Convênio? Nome da mãe? Nome do pai? O pagamento está em dia?
Endereço? Sabia que se for preciso angioplastia, com colocação de
stents, este convênio não paga? Há quanto tempo sente dores e falta
de ar? Fuma? Quem será responsável? Quem é o acompanhante pra
assinar o pedido da ordem de internação?” Suportou o cheiro daquela
mistura, de merda de anamnese com maionese de merda, o quanto pôde.

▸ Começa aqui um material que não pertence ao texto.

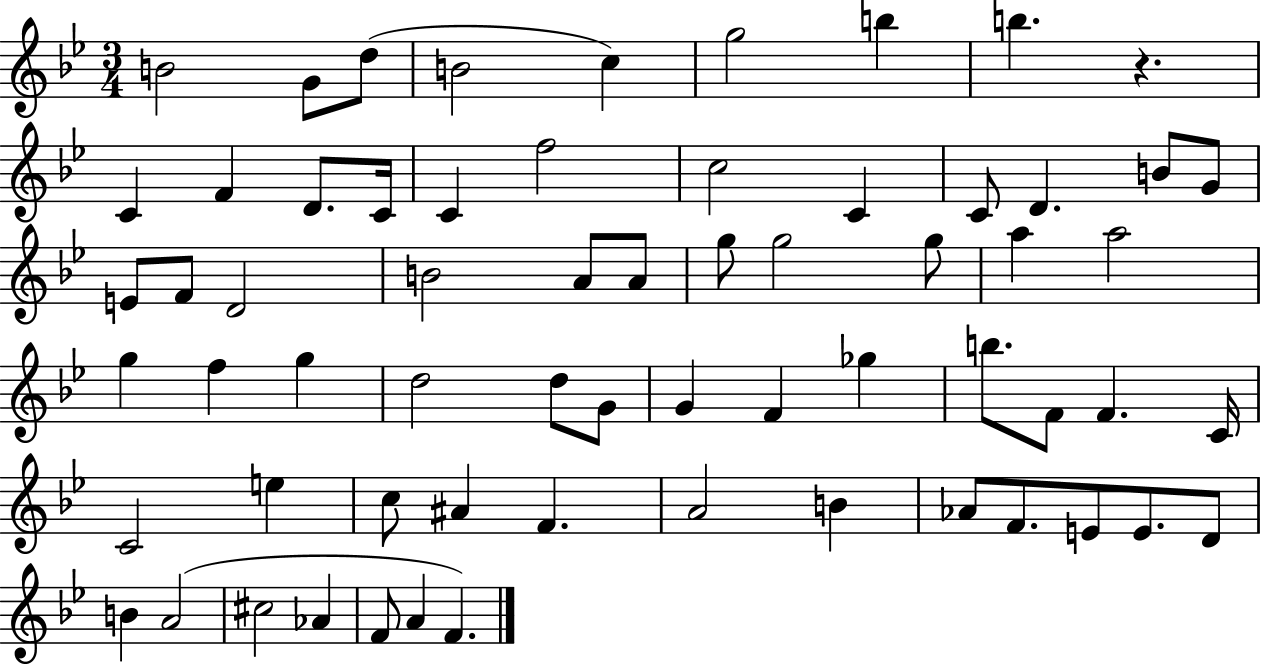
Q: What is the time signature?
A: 3/4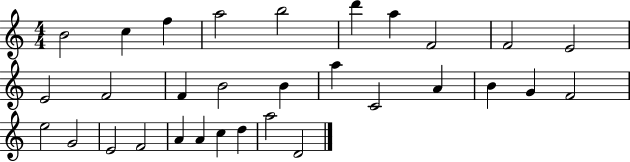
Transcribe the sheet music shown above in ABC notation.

X:1
T:Untitled
M:4/4
L:1/4
K:C
B2 c f a2 b2 d' a F2 F2 E2 E2 F2 F B2 B a C2 A B G F2 e2 G2 E2 F2 A A c d a2 D2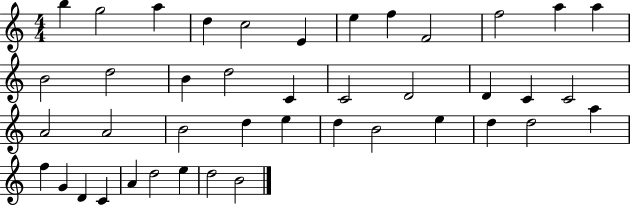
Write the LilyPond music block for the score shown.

{
  \clef treble
  \numericTimeSignature
  \time 4/4
  \key c \major
  b''4 g''2 a''4 | d''4 c''2 e'4 | e''4 f''4 f'2 | f''2 a''4 a''4 | \break b'2 d''2 | b'4 d''2 c'4 | c'2 d'2 | d'4 c'4 c'2 | \break a'2 a'2 | b'2 d''4 e''4 | d''4 b'2 e''4 | d''4 d''2 a''4 | \break f''4 g'4 d'4 c'4 | a'4 d''2 e''4 | d''2 b'2 | \bar "|."
}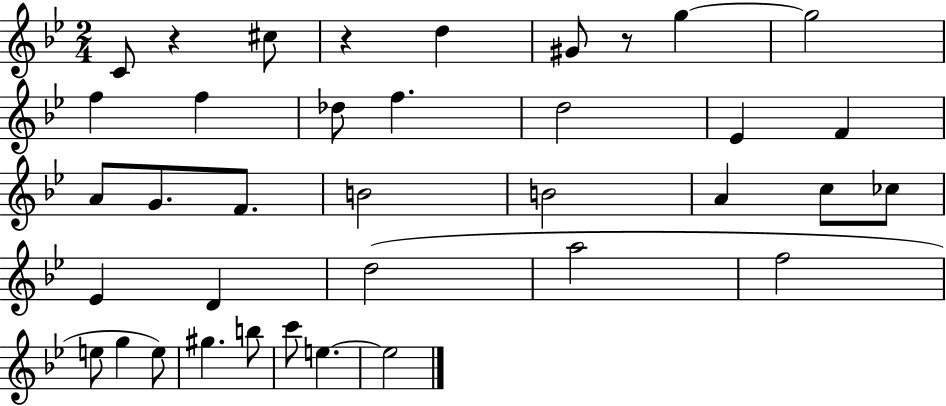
{
  \clef treble
  \numericTimeSignature
  \time 2/4
  \key bes \major
  \repeat volta 2 { c'8 r4 cis''8 | r4 d''4 | gis'8 r8 g''4~~ | g''2 | \break f''4 f''4 | des''8 f''4. | d''2 | ees'4 f'4 | \break a'8 g'8. f'8. | b'2 | b'2 | a'4 c''8 ces''8 | \break ees'4 d'4 | d''2( | a''2 | f''2 | \break e''8 g''4 e''8) | gis''4. b''8 | c'''8 e''4.~~ | e''2 | \break } \bar "|."
}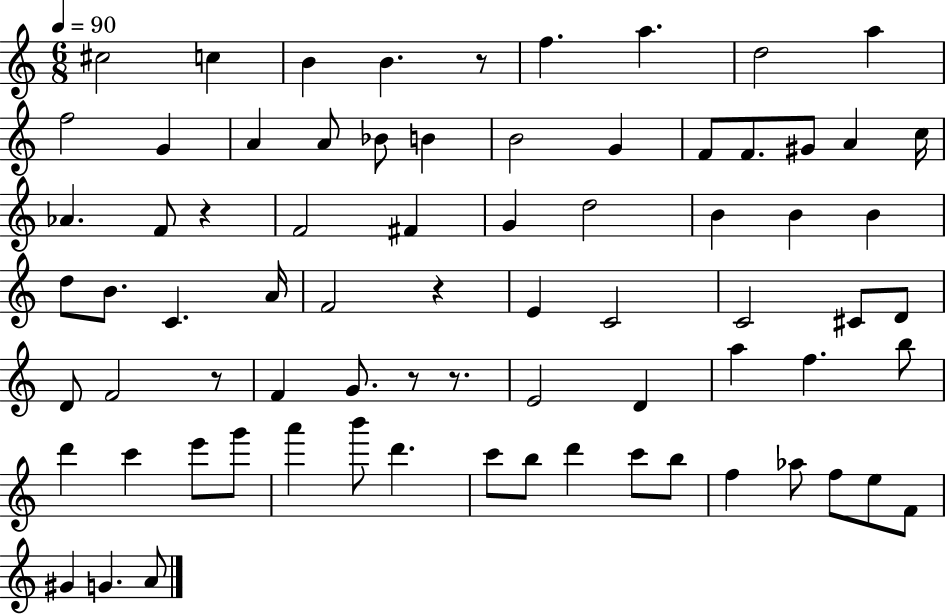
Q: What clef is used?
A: treble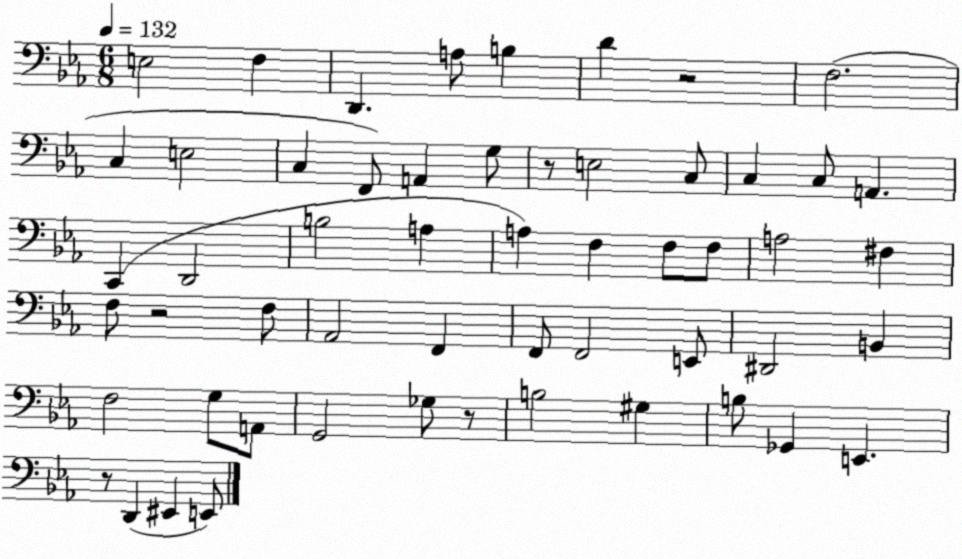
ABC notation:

X:1
T:Untitled
M:6/8
L:1/4
K:Eb
E,2 F, D,, A,/2 B, D z2 F,2 C, E,2 C, F,,/2 A,, G,/2 z/2 E,2 C,/2 C, C,/2 A,, C,, D,,2 B,2 A, A, F, F,/2 F,/2 A,2 ^F, F,/2 z2 F,/2 _A,,2 F,, F,,/2 F,,2 E,,/2 ^D,,2 B,, F,2 G,/2 A,,/2 G,,2 _G,/2 z/2 B,2 ^G, B,/2 _G,, E,, z/2 D,, ^E,, E,,/2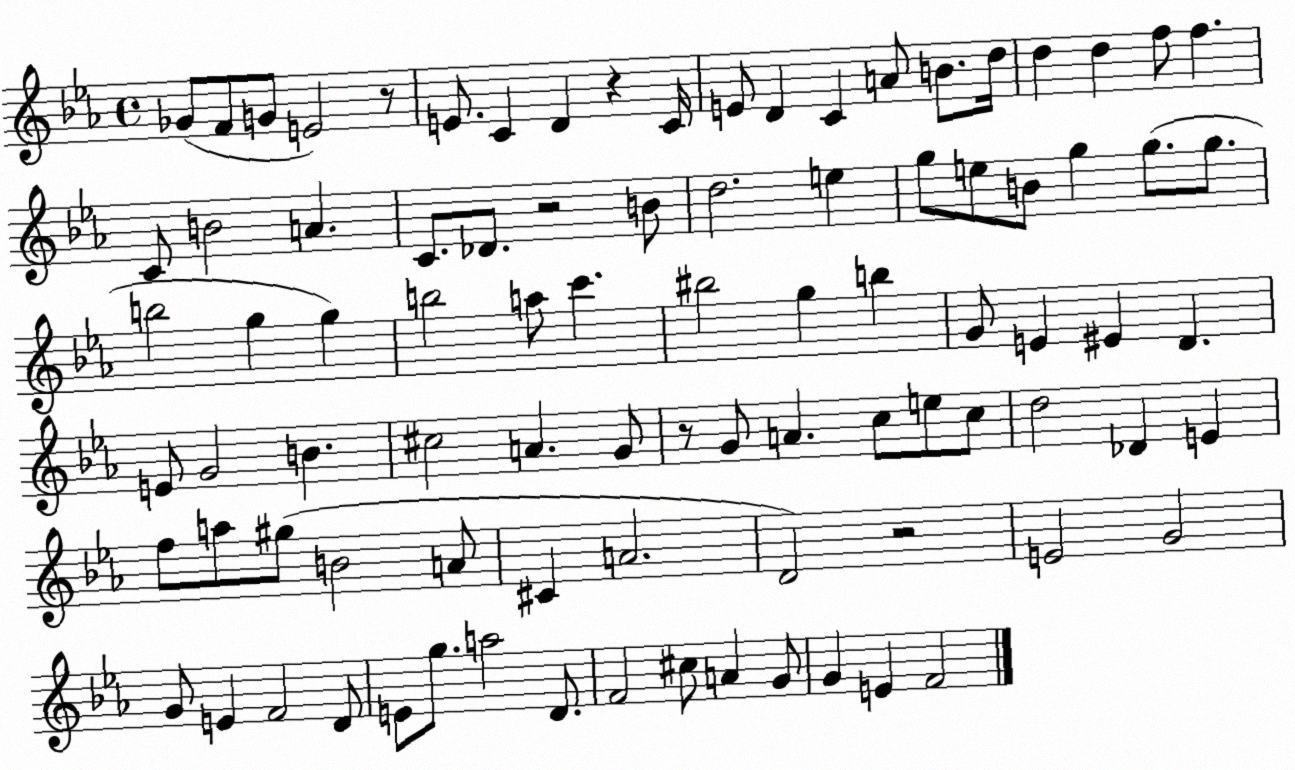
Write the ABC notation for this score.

X:1
T:Untitled
M:4/4
L:1/4
K:Eb
_G/2 F/2 G/2 E2 z/2 E/2 C D z C/4 E/2 D C A/2 B/2 d/4 d d f/2 f C/2 B2 A C/2 _D/2 z2 B/2 d2 e g/2 e/2 B/2 g g/2 g/2 b2 g g b2 a/2 c' ^b2 g b G/2 E ^E D E/2 G2 B ^c2 A G/2 z/2 G/2 A c/2 e/2 c/2 d2 _D E f/2 a/2 ^g/2 B2 A/2 ^C A2 D2 z2 E2 G2 G/2 E F2 D/2 E/2 g/2 a2 D/2 F2 ^c/2 A G/2 G E F2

O pagamento do convênio estava em dia. O contrato cobria todas as
despesas. Fumava. Não tinha ninguém para assinar os papéis. Sentia
aquela dor e a falta de ar havia menos de seis meses. Pensava que
fossem gases. “E aí Zé Onofre, pintou alguma coisa? O quê? Vendeste
quatro apartamentos e uma casa? Não é possível!” Não dormiu. A
frustração pela vantagem do competidor doía muito mais do que se ele
próprio tivesse perdido o dinheiro que o outro ganhou. Tragam os
papéis. Para ele mesmo assinar. Pago tudo. Não se preocupassem. O
seguro saúde é total. Naquela manhã não escolheria mais gravatas nem
ternos. Vestia o primeiro que pegasse. Ia se postar na calçada pra
conferir se o Zé Onofre estaria blefando. Só porque sabia que ele ia
ficar puto da vida. Devia ser mentira... Tinha de ser mentira.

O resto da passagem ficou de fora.